- Born: 1951 (age 74–75)
- Education: Claremont McKenna College (BA) Harvard University (JD)

= John B. Quinn =

American lawyer

John B. Quinn is an American lawyer and one of the founding partners of the law firm known today as Quinn Emanuel Urquhart & Sullivan LLP. In 2011, Quinn was listed as one of America's "Most Influential Lawyers" by the National Law Journal. In a 2016 poll by Bloomberg Big Law Business, readers voted Quinn the country's “Most Famous Practicing Lawyer” at a top U.S. firm.

==Career==

Quinn attended Claremont McKenna College and Harvard Law School, where he was an editor of the Harvard Law Review and a Knox Fellow. He graduated in 1976 and joined the law firm of Cravath Swaine & Moore in New York, practicing corporate law between 1976 and 1979.

In 1986, he co-founded the law firm today known as Quinn Emanuel Urquhart & Sullivan, a litigation-only law firm headquartered in Los Angeles. Quinn has been general counsel to the Academy of Motion Picture Arts and Sciences, the organization that gives out the Oscars, since 1986.

In 2012, Quinn obtained a dismissal for Mattel with prejudice of a Sherman Act suit brought by a MGA Entertainment Inc.
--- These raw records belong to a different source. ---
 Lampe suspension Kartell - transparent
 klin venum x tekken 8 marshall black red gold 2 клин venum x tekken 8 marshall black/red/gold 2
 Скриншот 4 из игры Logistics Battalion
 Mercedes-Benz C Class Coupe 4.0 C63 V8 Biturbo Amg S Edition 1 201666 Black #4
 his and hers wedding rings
In 2015, Quinn represented Nestlé USA, Inc. and Nestlé Dreyer’s Ice Cream Company in an antitrust action brought by Clemmy’s involving an alleged conspiracy to exclude competition in a claimed market for ice cream. The Court ruled that Clemmy’s hadn’t presented enough evidence to warrant the case reaching a jury trial.
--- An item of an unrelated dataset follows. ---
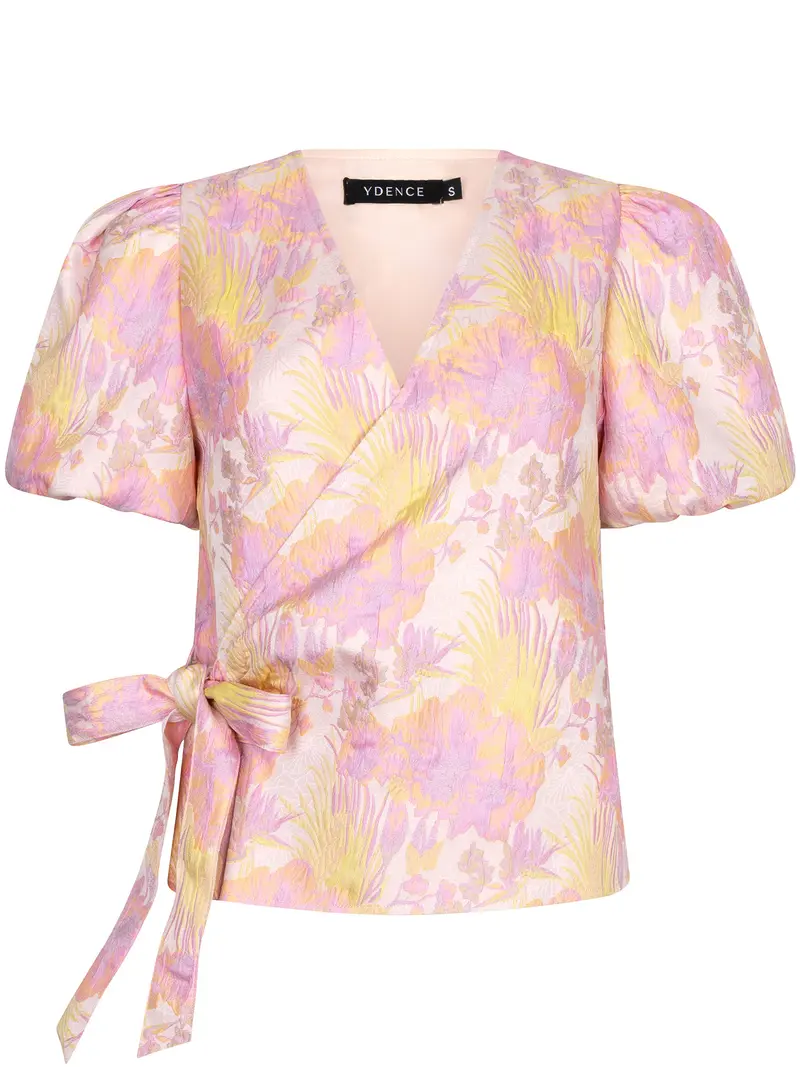 Ydence top Hillary lilac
In 2018, Quinn was lead trial counsel for Japanese entertainment company Tsuburaya Productions Co., Ltd. in a dispute concerning ownership of rights of the “Ultraman” superhero character. The jury would find in favor of Tsuburaya.
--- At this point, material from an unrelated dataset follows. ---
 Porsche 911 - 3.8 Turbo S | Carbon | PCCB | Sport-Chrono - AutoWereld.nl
Quinn launched his legal podcast "Law, disrupted" in March 2022. Guests have included fellow lawyers, the Mayor of New York Eric Adams, and Johnny Depp trial lawyer Camille Vasquez.

In October 2022, at that year's Saudi-backed Future Investment Initiative Institute conference, Quinn told the New York Times that "the Saudis understand the oil market better than anybody else in the world. I think you have to take them seriously on the merits when they say we sense a declining demand, we need a stable market ... What's the U.S. argument? We asked you to [increase supply] and you didn't do it?"

==Personal life==

In 2013 Quinn opened Q Sushi in downtown LA with Chef Hiroyuki Naruke of Tokyo. It is an omakase menu of Chef Hiro's interpretation of artisan Edo-style sushi. In 2019, Q received a Michelin Guide star.

Quinn brought the Museum of Broken Relationships to Los Angeles in June 2016.

Quinn has twice completed the Ironman World Championships in Kona, Hawaii.

In July 2024, Quinn was awarded an Honorary Doctor of Laws Degree by Busan University of Foreign Studies in recognition of his outstanding contributions in the field of business litigation and global leadership.